Below are the entries. Transcribe exactly the lines from the one with "パテックフィリップ ノーチラス TIFFANY&CO." through the one with "Maison - 257 m² - 5 pièces", ends included, and leave out all others.

○ ○ ○ ○

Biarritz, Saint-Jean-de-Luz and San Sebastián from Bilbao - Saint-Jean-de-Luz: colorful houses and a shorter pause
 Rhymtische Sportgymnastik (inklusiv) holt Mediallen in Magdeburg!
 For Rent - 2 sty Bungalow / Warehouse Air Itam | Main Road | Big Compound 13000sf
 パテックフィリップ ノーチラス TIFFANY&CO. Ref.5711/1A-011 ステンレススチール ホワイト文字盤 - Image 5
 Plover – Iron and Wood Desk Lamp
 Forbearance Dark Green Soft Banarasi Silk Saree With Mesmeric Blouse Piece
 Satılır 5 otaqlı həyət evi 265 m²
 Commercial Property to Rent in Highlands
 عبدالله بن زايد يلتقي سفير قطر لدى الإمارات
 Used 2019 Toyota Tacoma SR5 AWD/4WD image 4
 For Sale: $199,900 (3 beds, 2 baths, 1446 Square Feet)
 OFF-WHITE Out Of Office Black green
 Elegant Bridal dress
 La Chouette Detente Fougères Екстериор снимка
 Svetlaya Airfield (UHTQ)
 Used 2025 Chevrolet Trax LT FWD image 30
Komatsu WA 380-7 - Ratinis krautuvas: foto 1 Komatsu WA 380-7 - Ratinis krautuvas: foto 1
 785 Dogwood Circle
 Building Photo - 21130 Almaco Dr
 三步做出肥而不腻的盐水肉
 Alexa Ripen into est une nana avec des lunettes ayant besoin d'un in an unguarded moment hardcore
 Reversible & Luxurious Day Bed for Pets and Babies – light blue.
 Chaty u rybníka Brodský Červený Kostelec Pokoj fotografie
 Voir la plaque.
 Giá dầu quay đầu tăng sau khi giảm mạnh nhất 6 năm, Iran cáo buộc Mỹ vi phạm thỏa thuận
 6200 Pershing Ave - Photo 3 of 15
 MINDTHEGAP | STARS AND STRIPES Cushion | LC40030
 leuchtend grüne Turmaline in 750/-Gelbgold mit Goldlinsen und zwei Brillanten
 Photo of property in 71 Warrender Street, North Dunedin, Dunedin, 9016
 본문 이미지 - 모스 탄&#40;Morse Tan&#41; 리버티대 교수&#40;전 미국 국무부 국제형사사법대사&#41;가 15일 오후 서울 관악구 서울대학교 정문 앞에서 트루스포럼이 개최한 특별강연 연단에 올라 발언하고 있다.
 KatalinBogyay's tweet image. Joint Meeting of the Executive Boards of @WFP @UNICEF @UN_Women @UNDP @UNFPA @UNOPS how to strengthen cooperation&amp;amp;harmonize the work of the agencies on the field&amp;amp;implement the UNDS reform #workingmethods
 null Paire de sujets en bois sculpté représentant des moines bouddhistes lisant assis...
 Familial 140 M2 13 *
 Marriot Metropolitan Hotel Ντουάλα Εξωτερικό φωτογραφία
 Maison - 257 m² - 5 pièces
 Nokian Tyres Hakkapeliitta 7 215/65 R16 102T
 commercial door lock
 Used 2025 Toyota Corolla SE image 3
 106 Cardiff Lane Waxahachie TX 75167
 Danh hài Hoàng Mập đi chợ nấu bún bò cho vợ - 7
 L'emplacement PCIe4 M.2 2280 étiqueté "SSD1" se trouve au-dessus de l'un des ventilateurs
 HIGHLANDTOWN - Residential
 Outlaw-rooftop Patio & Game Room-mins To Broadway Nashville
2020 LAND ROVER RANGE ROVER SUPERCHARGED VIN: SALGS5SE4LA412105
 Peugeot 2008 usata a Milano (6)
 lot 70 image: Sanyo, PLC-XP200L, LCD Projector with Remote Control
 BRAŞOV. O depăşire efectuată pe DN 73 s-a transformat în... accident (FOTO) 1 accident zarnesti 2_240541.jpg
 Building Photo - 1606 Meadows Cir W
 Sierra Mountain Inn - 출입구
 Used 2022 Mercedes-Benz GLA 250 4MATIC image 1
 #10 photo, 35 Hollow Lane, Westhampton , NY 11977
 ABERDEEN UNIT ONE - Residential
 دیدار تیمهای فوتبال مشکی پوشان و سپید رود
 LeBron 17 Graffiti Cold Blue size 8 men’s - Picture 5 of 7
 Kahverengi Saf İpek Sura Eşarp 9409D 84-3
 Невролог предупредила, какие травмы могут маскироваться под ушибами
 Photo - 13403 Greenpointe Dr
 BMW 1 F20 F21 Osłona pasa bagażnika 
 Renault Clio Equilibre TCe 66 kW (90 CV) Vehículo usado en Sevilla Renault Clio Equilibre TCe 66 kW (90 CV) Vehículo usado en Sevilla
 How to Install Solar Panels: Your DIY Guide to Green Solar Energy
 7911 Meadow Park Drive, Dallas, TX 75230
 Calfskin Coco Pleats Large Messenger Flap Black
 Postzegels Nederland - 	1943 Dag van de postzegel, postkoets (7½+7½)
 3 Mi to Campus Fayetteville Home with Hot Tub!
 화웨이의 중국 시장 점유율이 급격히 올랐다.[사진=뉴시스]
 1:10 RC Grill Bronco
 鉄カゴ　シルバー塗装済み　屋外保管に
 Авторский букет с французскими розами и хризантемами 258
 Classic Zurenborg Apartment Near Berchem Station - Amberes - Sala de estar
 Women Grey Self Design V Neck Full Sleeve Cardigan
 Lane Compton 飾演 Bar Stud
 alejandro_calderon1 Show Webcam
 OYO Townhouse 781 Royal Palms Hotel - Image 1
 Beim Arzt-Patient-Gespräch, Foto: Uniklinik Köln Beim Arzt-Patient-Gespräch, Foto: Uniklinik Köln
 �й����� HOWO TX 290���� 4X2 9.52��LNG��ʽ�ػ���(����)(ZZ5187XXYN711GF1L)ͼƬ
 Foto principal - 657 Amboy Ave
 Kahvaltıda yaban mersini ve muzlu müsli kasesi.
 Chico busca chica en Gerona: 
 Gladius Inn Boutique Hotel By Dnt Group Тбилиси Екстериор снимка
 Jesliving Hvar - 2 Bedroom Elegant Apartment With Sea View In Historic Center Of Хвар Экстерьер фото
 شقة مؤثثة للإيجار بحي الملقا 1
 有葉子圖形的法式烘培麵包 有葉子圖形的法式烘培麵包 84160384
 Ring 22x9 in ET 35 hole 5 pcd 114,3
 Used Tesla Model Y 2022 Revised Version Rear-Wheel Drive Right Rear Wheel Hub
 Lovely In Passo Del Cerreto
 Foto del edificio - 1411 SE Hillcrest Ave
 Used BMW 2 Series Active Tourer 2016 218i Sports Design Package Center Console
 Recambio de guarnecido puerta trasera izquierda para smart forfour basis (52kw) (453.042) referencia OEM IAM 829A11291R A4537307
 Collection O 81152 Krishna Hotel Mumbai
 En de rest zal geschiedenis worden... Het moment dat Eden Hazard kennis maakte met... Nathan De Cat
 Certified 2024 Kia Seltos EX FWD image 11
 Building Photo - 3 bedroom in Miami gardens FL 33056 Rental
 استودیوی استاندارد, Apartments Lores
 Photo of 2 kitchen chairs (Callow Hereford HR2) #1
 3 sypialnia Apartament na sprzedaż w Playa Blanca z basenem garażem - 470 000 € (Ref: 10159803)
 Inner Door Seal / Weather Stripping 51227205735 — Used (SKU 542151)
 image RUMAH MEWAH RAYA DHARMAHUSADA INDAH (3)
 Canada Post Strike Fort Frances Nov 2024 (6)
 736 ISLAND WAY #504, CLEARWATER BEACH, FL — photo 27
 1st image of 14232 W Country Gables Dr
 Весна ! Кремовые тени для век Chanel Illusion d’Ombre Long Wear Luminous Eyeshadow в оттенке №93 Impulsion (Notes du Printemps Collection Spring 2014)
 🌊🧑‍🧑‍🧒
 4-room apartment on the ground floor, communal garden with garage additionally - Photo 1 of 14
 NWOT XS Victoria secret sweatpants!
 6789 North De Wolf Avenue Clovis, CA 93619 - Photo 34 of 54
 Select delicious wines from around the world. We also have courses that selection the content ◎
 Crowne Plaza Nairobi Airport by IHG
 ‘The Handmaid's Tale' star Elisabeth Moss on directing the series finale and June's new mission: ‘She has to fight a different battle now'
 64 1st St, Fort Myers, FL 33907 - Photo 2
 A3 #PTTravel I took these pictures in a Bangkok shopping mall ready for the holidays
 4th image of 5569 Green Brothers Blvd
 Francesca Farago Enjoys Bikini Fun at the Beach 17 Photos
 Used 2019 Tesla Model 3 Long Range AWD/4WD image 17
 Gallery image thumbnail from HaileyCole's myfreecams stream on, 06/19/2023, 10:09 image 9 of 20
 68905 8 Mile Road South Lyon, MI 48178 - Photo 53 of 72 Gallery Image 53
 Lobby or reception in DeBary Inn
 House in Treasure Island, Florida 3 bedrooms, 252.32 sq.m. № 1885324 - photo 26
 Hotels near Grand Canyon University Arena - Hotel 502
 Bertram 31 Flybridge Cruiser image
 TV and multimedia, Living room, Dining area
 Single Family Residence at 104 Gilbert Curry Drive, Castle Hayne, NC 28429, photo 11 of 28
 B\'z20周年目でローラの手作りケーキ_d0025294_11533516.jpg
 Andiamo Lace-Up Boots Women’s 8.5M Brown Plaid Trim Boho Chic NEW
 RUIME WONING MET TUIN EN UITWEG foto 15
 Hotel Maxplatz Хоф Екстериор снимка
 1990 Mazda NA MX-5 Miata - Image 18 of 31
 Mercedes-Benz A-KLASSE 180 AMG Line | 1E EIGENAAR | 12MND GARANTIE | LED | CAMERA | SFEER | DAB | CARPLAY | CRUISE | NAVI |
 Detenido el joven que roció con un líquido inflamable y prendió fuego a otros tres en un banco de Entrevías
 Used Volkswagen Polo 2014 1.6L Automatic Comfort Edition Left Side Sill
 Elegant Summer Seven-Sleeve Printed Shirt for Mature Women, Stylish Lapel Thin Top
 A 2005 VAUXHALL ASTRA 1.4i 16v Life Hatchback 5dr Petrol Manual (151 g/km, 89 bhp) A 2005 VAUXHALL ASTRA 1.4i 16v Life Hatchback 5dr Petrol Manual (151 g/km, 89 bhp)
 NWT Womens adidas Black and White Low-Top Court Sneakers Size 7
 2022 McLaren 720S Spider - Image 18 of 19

○ ○ ○ ○

● **Exercise response**:
 パテックフィリップ ノーチラス TIFFANY&CO. Ref.5711/1A-011 ステンレススチール ホワイト文字盤 - Image 5
 Plover – Iron and Wood Desk Lamp
 Forbearance Dark Green Soft Banarasi Silk Saree With Mesmeric Blouse Piece
 Satılır 5 otaqlı həyət evi 265 m²
 Commercial Property to Rent in Highlands
 عبدالله بن زايد يلتقي سفير قطر لدى الإمارات
 Used 2019 Toyota Tacoma SR5 AWD/4WD image 4
 For Sale: $199,900 (3 beds, 2 baths, 1446 Square Feet)
 OFF-WHITE Out Of Office Black green
 Elegant Bridal dress
 La Chouette Detente Fougères Екстериор снимка
 Svetlaya Airfield (UHTQ)
 Used 2025 Chevrolet Trax LT FWD image 30
Komatsu WA 380-7 - Ratinis krautuvas: foto 1 Komatsu WA 380-7 - Ratinis krautuvas: foto 1
 785 Dogwood Circle
 Building Photo - 21130 Almaco Dr
 三步做出肥而不腻的盐水肉
 Alexa Ripen into est une nana avec des lunettes ayant besoin d'un in an unguarded moment hardcore
 Reversible & Luxurious Day Bed for Pets and Babies – light blue.
 Chaty u rybníka Brodský Červený Kostelec Pokoj fotografie
 Voir la plaque.
 Giá dầu quay đầu tăng sau khi giảm mạnh nhất 6 năm, Iran cáo buộc Mỹ vi phạm thỏa thuận
 6200 Pershing Ave - Photo 3 of 15
 MINDTHEGAP | STARS AND STRIPES Cushion | LC40030
 leuchtend grüne Turmaline in 750/-Gelbgold mit Goldlinsen und zwei Brillanten
 Photo of property in 71 Warrender Street, North Dunedin, Dunedin, 9016
 본문 이미지 - 모스 탄&#40;Morse Tan&#41; 리버티대 교수&#40;전 미국 국무부 국제형사사법대사&#41;가 15일 오후 서울 관악구 서울대학교 정문 앞에서 트루스포럼이 개최한 특별강연 연단에 올라 발언하고 있다.
 KatalinBogyay's tweet image. Joint Meeting of the Executive Boards of @WFP @UNICEF @UN_Women @UNDP @UNFPA @UNOPS how to strengthen cooperation&amp;amp;harmonize the work of the agencies on the field&amp;amp;implement the UNDS reform #workingmethods
 null Paire de sujets en bois sculpté représentant des moines bouddhistes lisant assis...
 Familial 140 M2 13 *
 Marriot Metropolitan Hotel Ντουάλα Εξωτερικό φωτογραφία
 Maison - 257 m² - 5 pièces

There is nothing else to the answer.